● **What to work on**
For this exercise, output the line containing "Used 2017 Toyota 4Runner SR5 image 19" and every line after it through the end of the records, exactly, and no other line.

● **Data records**
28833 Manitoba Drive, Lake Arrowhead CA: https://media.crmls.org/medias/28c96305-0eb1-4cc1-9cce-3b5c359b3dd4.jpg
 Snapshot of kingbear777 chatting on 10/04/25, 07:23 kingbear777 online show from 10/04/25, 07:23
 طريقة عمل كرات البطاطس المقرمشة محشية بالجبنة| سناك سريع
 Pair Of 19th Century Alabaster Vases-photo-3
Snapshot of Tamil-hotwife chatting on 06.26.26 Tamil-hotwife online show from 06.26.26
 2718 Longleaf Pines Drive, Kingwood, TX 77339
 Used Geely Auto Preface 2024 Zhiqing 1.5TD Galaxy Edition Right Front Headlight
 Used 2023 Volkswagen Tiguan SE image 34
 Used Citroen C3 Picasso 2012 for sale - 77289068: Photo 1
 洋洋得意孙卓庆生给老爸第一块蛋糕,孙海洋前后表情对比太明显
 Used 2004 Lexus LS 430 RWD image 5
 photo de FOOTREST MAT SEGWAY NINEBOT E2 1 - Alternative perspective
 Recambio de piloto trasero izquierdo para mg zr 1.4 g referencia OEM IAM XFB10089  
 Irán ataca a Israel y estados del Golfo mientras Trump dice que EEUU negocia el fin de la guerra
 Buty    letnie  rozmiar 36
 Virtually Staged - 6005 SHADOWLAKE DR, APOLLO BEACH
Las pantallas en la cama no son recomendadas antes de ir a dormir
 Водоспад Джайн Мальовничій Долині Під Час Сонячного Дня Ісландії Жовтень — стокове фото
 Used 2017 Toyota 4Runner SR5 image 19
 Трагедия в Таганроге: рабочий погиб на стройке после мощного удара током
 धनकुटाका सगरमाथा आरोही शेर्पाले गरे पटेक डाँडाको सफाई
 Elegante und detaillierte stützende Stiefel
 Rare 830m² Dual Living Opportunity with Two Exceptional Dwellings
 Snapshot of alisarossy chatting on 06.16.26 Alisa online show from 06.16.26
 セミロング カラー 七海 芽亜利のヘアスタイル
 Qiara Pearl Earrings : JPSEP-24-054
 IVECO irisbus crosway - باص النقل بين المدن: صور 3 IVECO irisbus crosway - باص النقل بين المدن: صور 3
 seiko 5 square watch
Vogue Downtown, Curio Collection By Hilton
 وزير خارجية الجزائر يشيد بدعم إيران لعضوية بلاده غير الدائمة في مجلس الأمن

● **Solution to this problem**
 Used 2017 Toyota 4Runner SR5 image 19
 Трагедия в Таганроге: рабочий погиб на стройке после мощного удара током
 धनकुटाका सगरमाथा आरोही शेर्पाले गरे पटेक डाँडाको सफाई
 Elegante und detaillierte stützende Stiefel
 Rare 830m² Dual Living Opportunity with Two Exceptional Dwellings
 Snapshot of alisarossy chatting on 06.16.26 Alisa online show from 06.16.26
 セミロング カラー 七海 芽亜利のヘアスタイル
 Qiara Pearl Earrings : JPSEP-24-054
 IVECO irisbus crosway - باص النقل بين المدن: صور 3 IVECO irisbus crosway - باص النقل بين المدن: صور 3
 seiko 5 square watch
Vogue Downtown, Curio Collection By Hilton
 وزير خارجية الجزائر يشيد بدعم إيران لعضوية بلاده غير الدائمة في مجلس الأمن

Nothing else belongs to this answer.